■ **Your assignment**
Reproduce only what runs from the line containing "Men's 40MM 100% Mulberry Silk Dressing Gown" to the line containing "Sleeve Funny T-Shirt" in the records below, inclusive. Keep it exact, and keep the pictures out.

■ **Provided data**
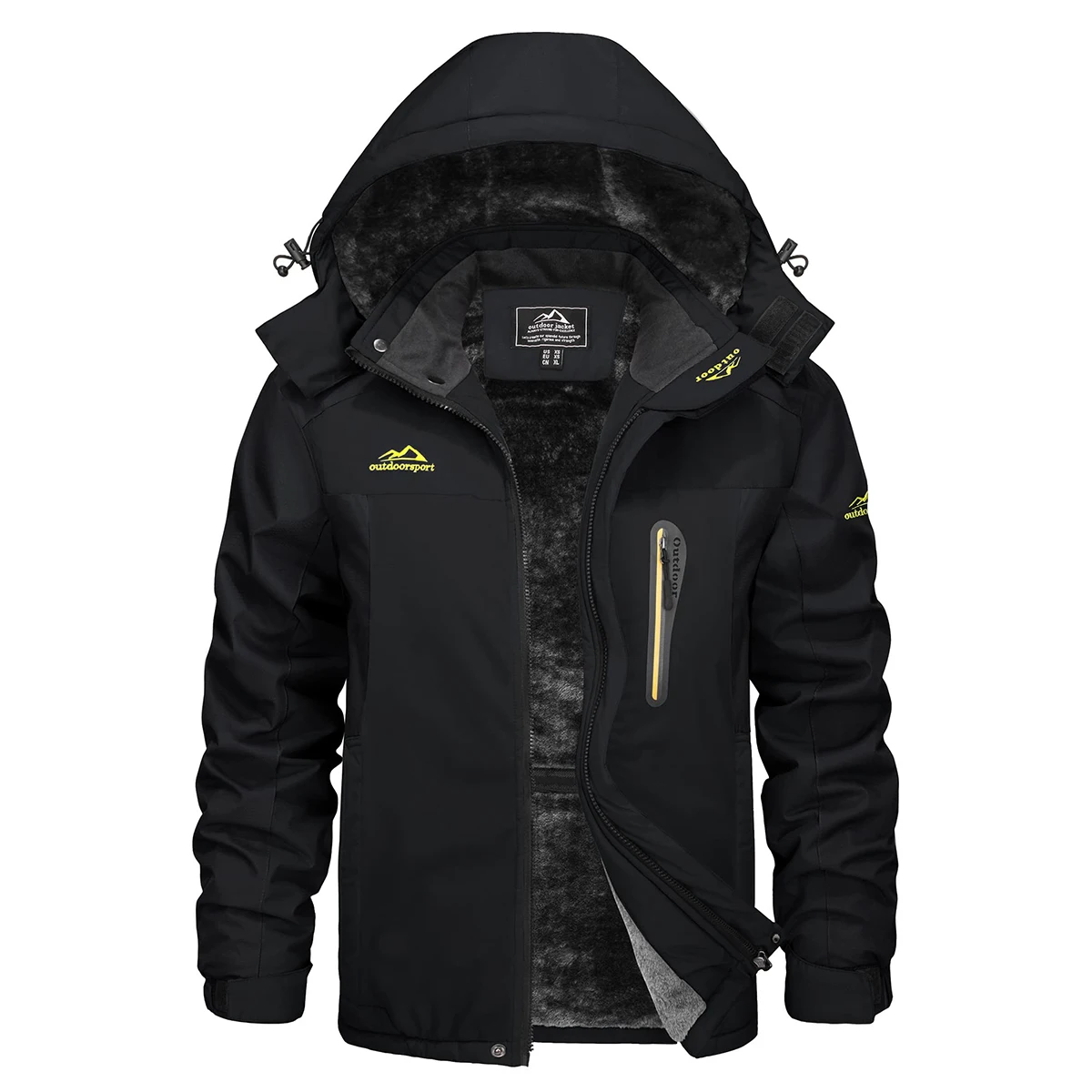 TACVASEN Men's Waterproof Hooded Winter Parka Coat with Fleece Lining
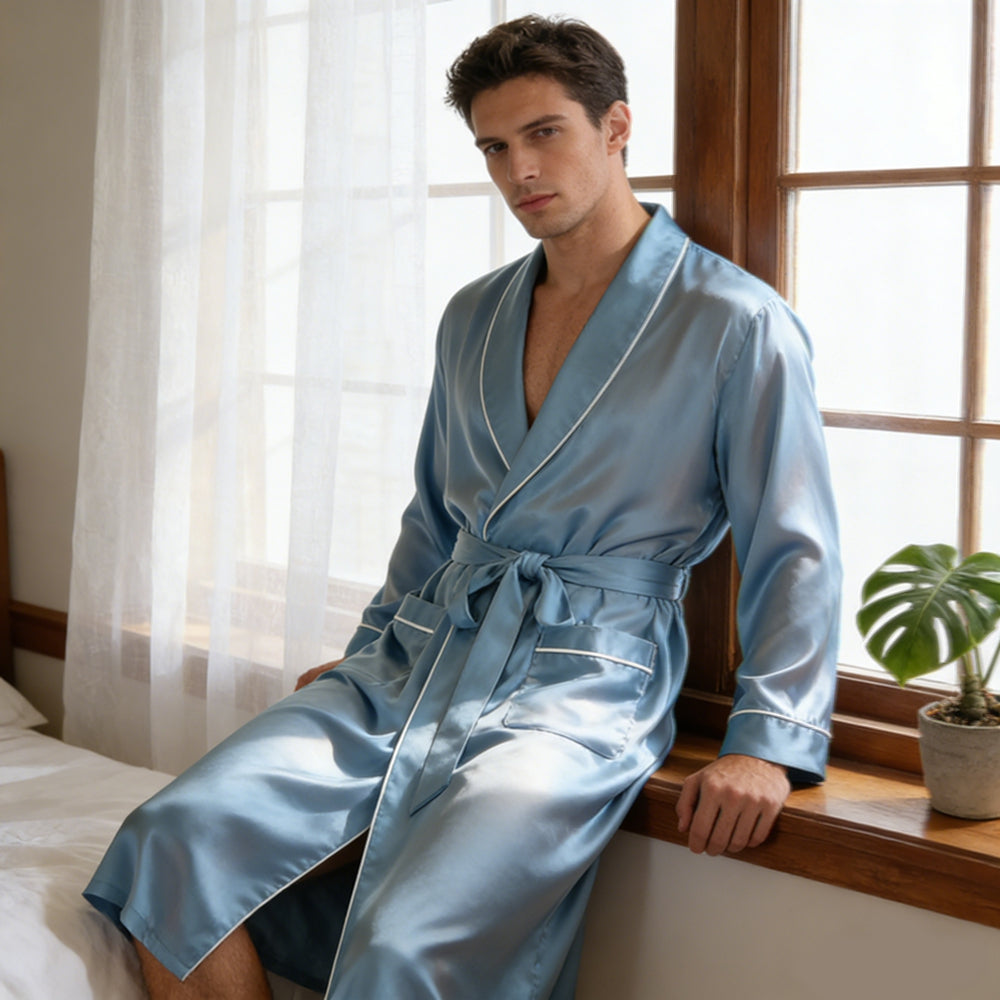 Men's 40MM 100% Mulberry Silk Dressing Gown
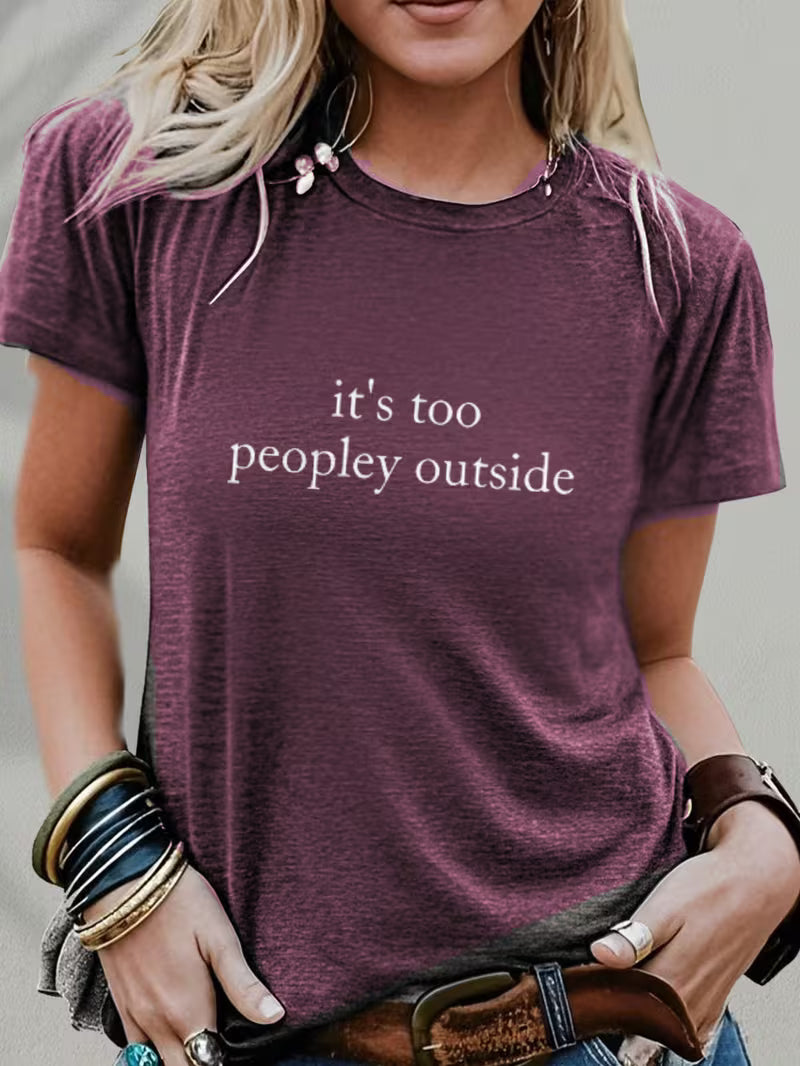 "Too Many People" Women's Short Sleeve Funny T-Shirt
* * *
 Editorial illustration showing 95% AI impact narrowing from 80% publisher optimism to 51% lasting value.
* * *
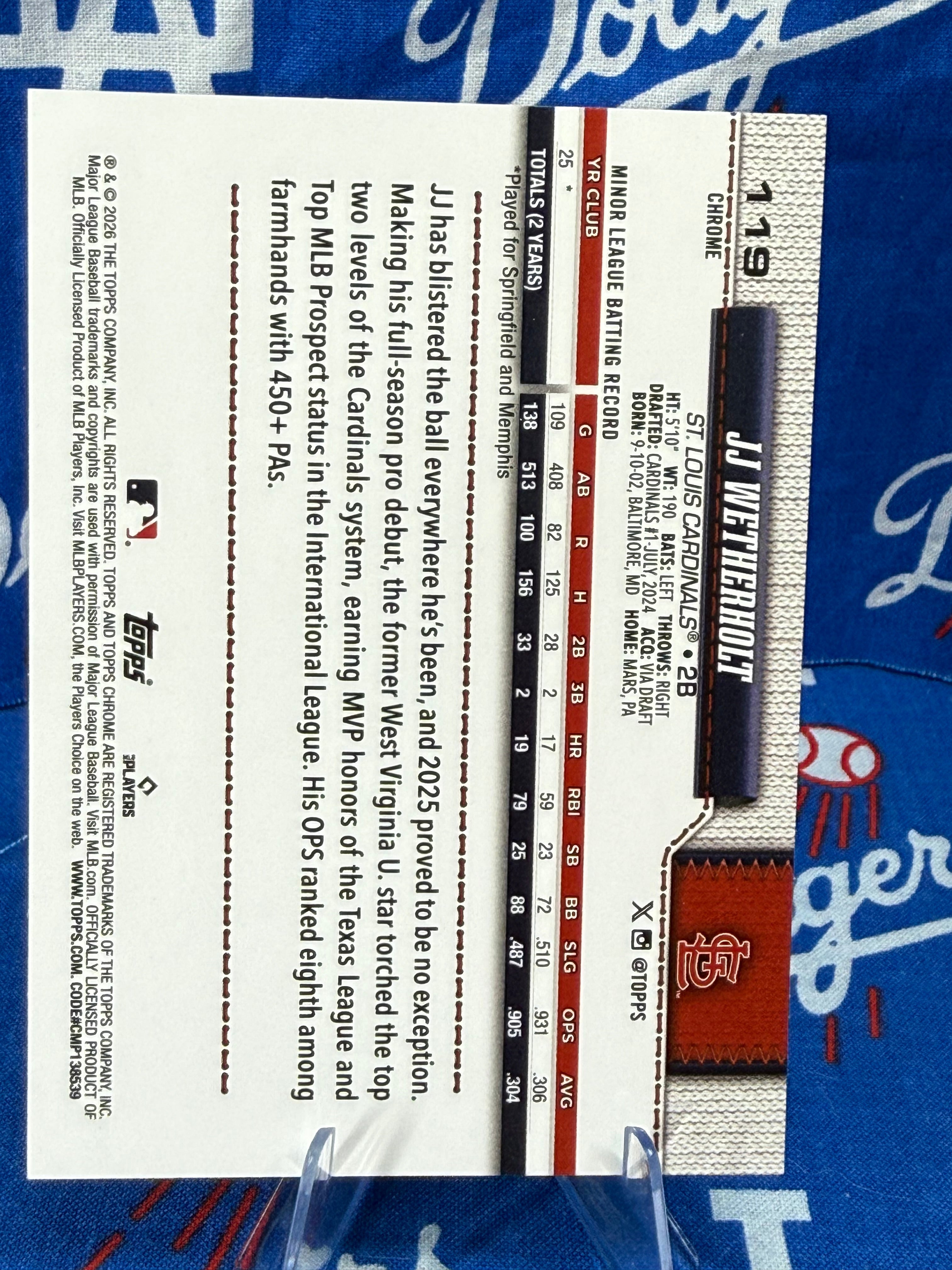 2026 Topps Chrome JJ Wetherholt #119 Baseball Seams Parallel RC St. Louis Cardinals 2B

■ **Reply**
 Men's 40MM 100% Mulberry Silk Dressing Gown
 "Too Many People" Women's Short Sleeve Funny T-Shirt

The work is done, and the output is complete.